A poem has nothing to recount, nothing to say; what it recounts and says is that from which it wrenches away as a poem.


The remark seemed especially pertinent to Celan's Threadsuns, which resists narrative and mimesis with an energy that Lacoue-Labarthe's phrase "wrenches away" catches exactly.

Part of me feels like I should stop here, having said something positive about the man who has died. But I think it would be more in the spirit of inquiry, critique and debate that Lacoue-Labarthe served for me to keep going, and think a little bit with his ideas.
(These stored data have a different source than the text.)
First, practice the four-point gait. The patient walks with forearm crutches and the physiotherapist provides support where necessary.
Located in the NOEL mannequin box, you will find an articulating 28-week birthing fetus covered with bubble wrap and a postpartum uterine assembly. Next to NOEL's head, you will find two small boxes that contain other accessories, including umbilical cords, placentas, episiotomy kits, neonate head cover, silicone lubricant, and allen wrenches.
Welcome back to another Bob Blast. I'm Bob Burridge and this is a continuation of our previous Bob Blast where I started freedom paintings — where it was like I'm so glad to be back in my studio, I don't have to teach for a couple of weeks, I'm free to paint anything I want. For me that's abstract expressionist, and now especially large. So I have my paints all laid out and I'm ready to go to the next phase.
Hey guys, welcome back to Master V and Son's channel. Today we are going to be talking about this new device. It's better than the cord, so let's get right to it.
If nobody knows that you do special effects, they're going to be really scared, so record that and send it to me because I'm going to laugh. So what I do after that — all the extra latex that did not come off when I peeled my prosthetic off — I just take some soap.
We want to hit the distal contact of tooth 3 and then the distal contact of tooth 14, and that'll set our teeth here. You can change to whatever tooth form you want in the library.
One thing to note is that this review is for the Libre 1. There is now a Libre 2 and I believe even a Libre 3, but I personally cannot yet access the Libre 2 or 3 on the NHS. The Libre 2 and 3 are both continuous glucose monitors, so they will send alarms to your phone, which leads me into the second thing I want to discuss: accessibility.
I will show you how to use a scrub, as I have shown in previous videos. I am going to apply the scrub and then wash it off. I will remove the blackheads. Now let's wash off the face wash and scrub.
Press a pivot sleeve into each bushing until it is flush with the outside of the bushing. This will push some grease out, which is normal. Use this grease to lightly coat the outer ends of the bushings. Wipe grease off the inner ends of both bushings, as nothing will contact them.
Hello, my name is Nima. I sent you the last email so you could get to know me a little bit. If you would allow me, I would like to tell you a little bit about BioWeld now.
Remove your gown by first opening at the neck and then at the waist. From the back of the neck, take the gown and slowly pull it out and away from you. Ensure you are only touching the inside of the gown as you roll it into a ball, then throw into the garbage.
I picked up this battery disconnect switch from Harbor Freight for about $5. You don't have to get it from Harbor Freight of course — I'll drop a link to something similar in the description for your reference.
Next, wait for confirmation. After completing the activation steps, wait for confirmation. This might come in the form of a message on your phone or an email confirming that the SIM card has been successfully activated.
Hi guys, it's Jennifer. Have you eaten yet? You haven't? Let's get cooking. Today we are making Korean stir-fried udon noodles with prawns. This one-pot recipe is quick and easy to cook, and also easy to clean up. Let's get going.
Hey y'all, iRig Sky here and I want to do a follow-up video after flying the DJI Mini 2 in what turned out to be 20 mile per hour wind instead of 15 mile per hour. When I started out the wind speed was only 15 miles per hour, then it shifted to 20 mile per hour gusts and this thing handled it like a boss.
One surprising thing about Lacoue-Labarthe's statement is how closely it parallels Archibald Macleish's famous assertion in the poem "Ars Poetica," that "a poem should not mean but be." I'm fond of moments like this, when someone from one tradition (especially a despised tradition — and Macleish's appropriation by the New Critics makes him a part of such a tradition) seems to have arrived at a similar position to someone from another tradition. Of course there are all sorts of differences in the two poetics of refusal (my term for the kind of poetry that turns away from statement, mimesis, and narrative). For one thing, Macleish seems to come to his position out of a powerful conviction that the poem must be an object for the senses:

A poem should be palpable and mute
As a globed fruit

Dumb
As old medallions to the thumb

Silent as the sleeve-worn stone
Of casement ledges where the moss has grown -

A poem should be wordless
As the flight of birds...


Macleish's is an aesthetic conviction, first and foremost; in contrast, the Celan/Lacoue-Labarthe position seems to come from what is primarily an ethical conviction (in my last post I quoted Clifford Duffy about Adorno's effect on Celan, and I think this backs up the idea that Celan's later style emerged in large measure as an ethical act).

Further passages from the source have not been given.